> **What needs to be done**:
Copy exactly the lines from the line holding "Przerażająca twarz Kubusia" through the end of the material, and no others; pictures stay out.

----------

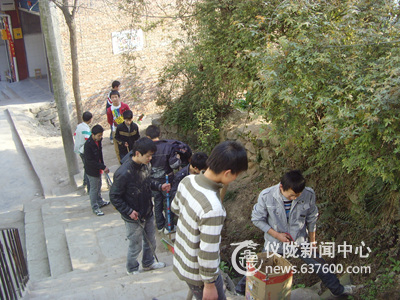 300学生清理校园周边环境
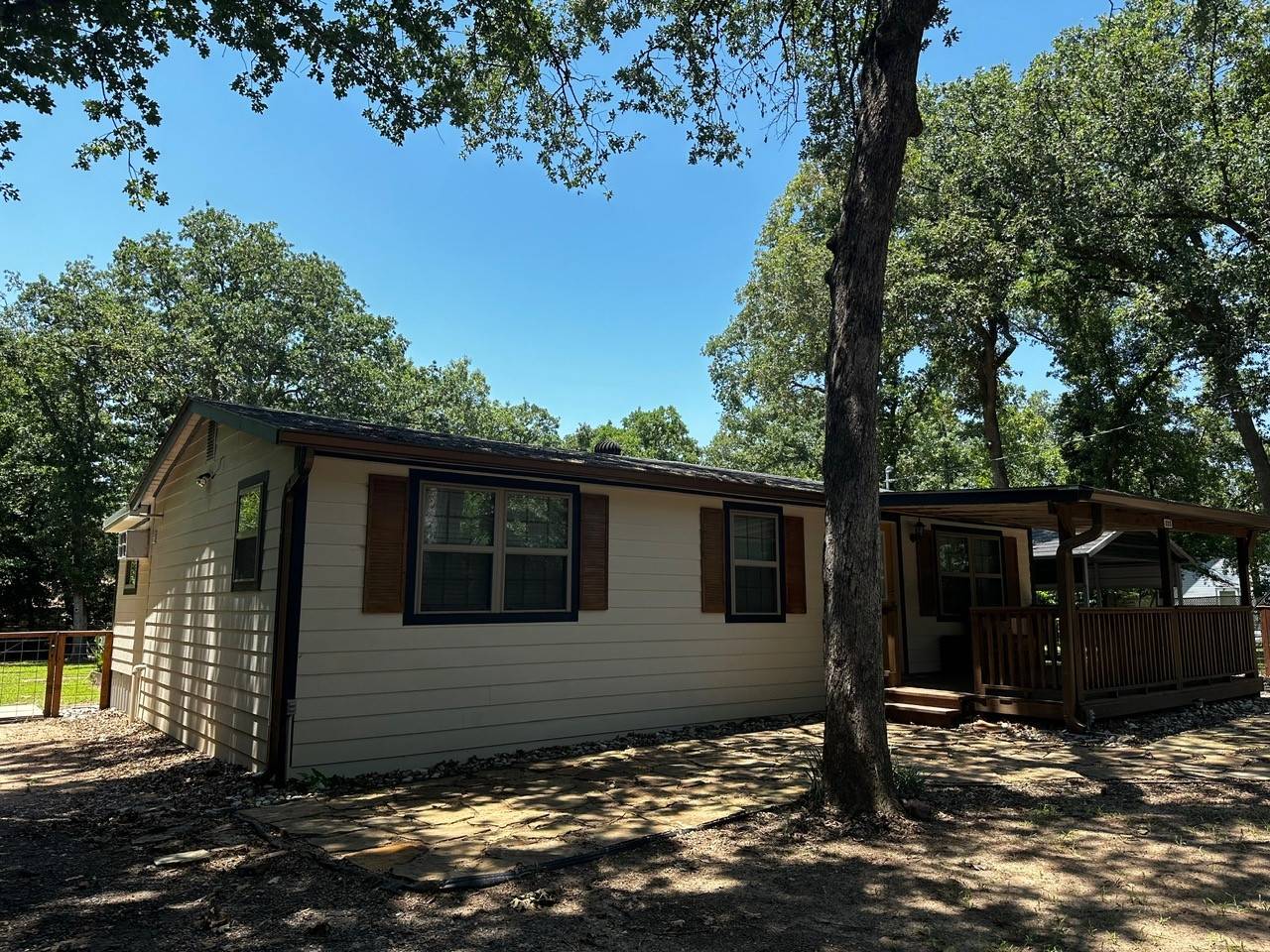 Murchison, TX 75778,223 HOLLY GLN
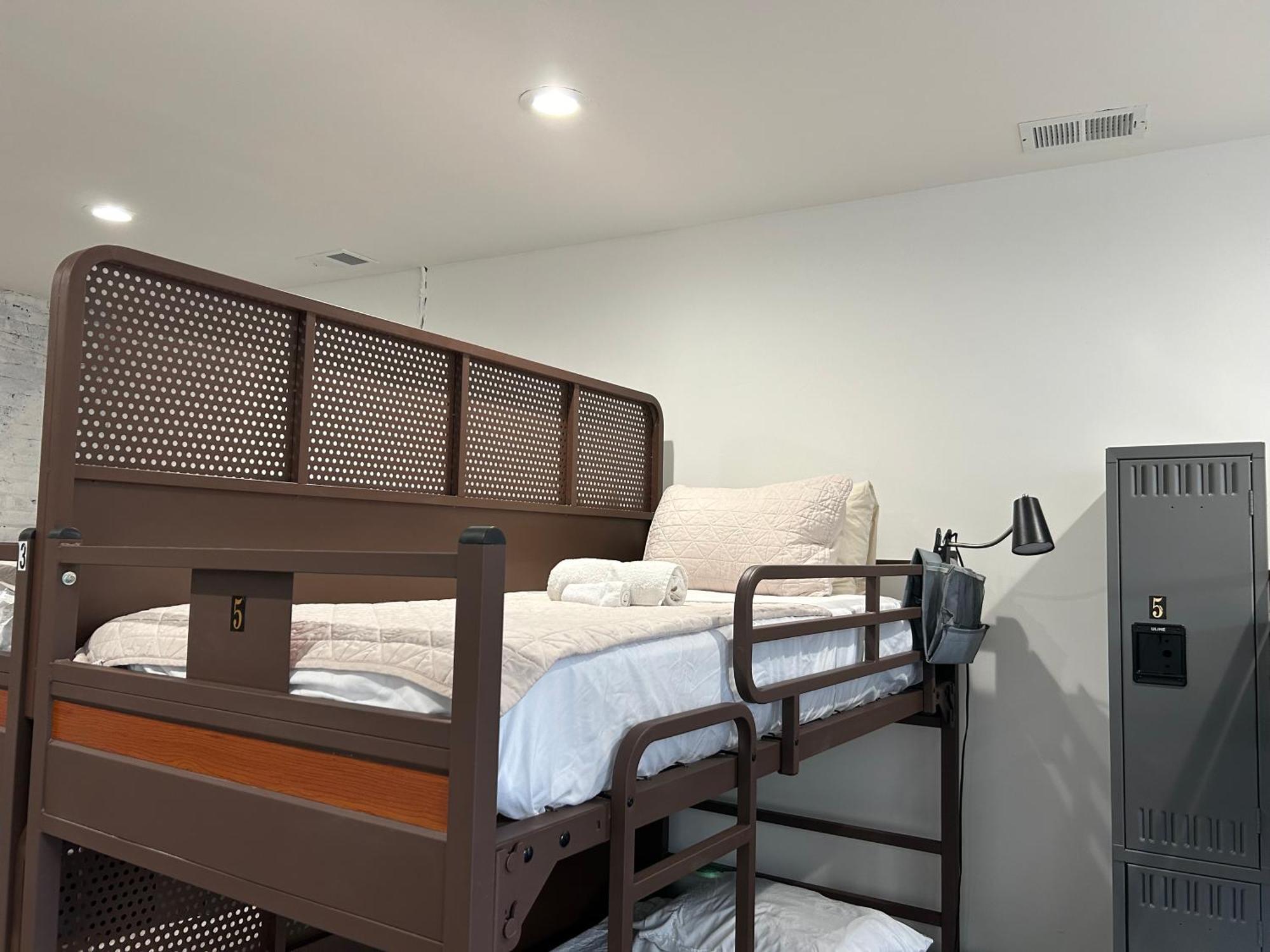 424 Auberge de jeunesse *
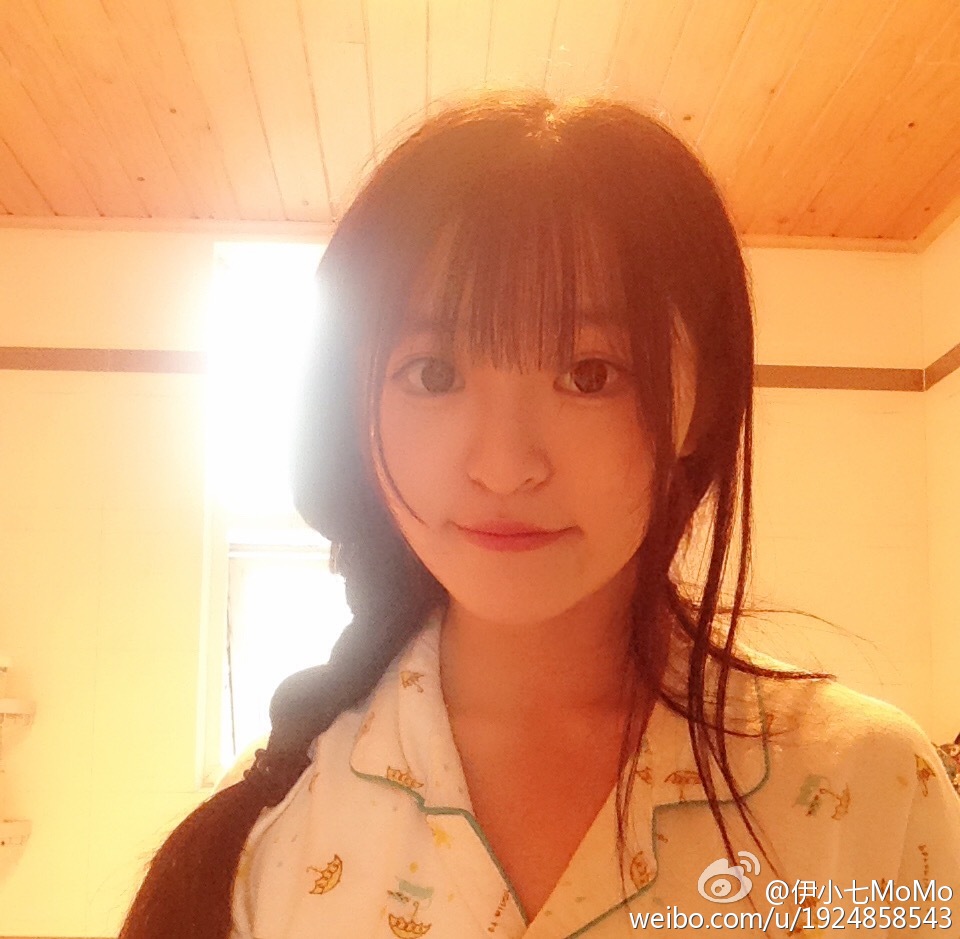 伊小七MoMo 清新养眼萝莉私房照诱惑写真图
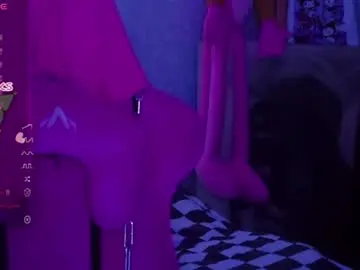 Chaturbate Free Porn Cam of pineapple_dope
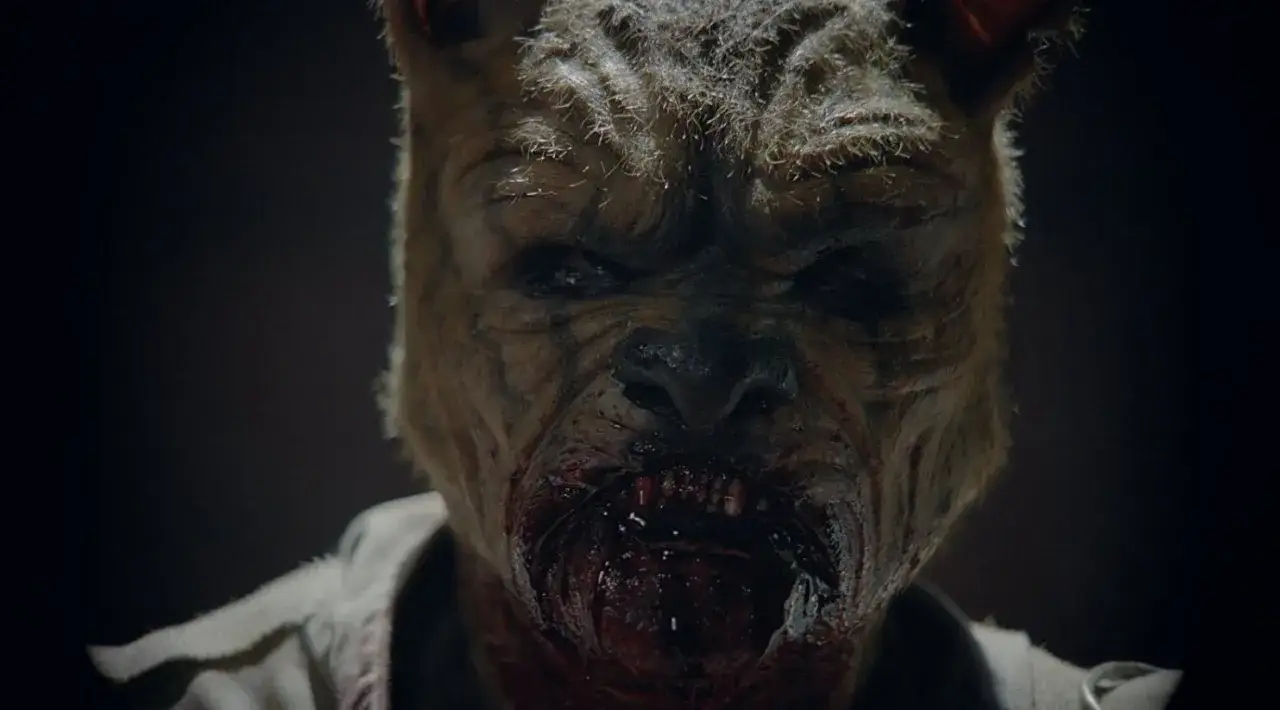 Przerażająca twarz Kubusia Puchatka z filmu "Puchatek: Krew i miód 2". Krwawa paszcza i groźne oczy budzą grozę.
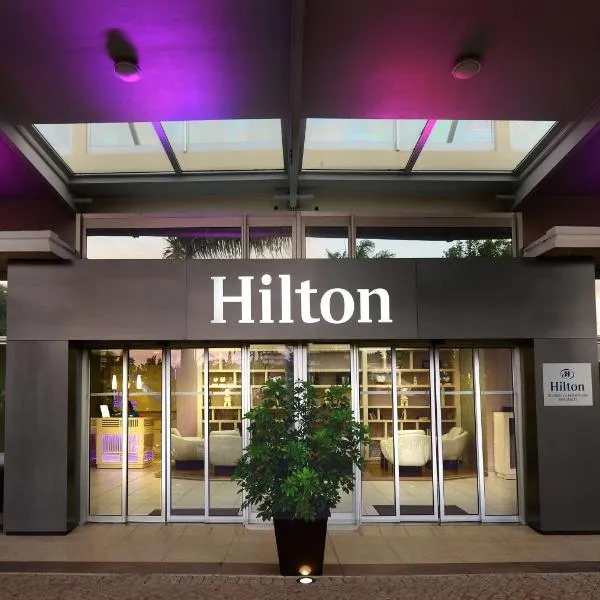 Hilton Noumea La Promenade Residences, viešbutis mieste Ilot Maitre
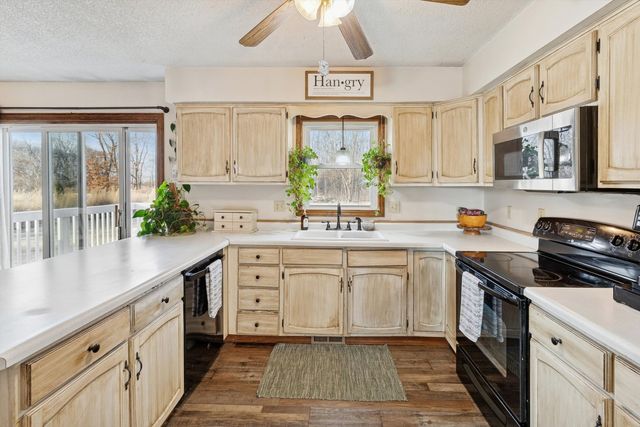 5430 Holly Road, Fulton, IL 61252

----------

> **Exercise response**:
 Przerażająca twarz Kubusia Puchatka z filmu "Puchatek: Krew i miód 2". Krwawa paszcza i groźne oczy budzą grozę.
 Hilton Noumea La Promenade Residences, viešbutis mieste Ilot Maitre
 5430 Holly Road, Fulton, IL 61252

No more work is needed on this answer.